Rollenspieltechnik: Schöner scheitern

Zusammenfassung:

  1. Bei Patzern und Fehlschlägen müssen die Charaktere nicht unfähig erscheinen.
  2. Vielmehr bieten Patzer und Fehlschläge die Möglichkeit, coole Dinge mit den Charakteren anzustellen.

Im Einzelnen:

Bei dieser Technik, die mehr eine Denkweise als ein Mechanismus ist, ist Würfelpech kein Grund, Charaktere als unfähig darzustellen und die Handlung ins Stocken zu bringen.

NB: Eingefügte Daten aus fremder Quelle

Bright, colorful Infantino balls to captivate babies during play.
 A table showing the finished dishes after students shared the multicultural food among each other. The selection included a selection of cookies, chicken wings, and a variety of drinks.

Spielleiter: Umgeben vom Feuer, das dabei ist, die gesamte Taverne zu verschlingen, trennen dich nur noch zwei Schritt von Galvok, dem Zerfleischer: „Du willst der beste Schwertgeselle südlich der rauen Sichel sein? Dass ich nicht lache!“.
Spieler: „Du kannst von Gnade sprechen, dass ich dir noch Zeit für ein letztes Lachen lasse, Galvok!“ Ich greife mit einem Ausfall an! MIST! Verpatzt!
Spielleiter: Immer schneller treibst du Galvok nach hinten. Er ist mit der Schulter schon an der Wand, als du ausholst. Aber dein Schwert rammt sich nur tief in das Gebälk und steckt fest. Galvoks Kumpane Beran hat ihn in letzter Sekunde zur Seite gerissen.

Spielleiter: Der Rauch in der Taverne wird dichter. Dir bleiben nur noch Sekunden Atemluft.
Spieler: Ok, ich renne raus! MIST! Verpatzt!
Spielleiter: Mit atemberaubender Geschicklichkeit springst du, hechtest unter fallenden Balken hindurch und erreichst die Eingangstür, aber Karrar der Stalljunge kracht mit dir zusammen. Während du nur leicht aus der Bahn geworfen wirst und ins Freie kommst, stolpert Karrar in die lodernden Flammen.

Patzer sind für Spieler und Spielleiter gleichermaßen ärgerlich. Für Spieler heißt es oft: Dein Charakter ist doch nicht der tolle Typ, für den du ihn gehalten hast. Für Spielleiter heißt es dagegen: Verdammt, das Abenteuer wird heute Abend nicht fertig.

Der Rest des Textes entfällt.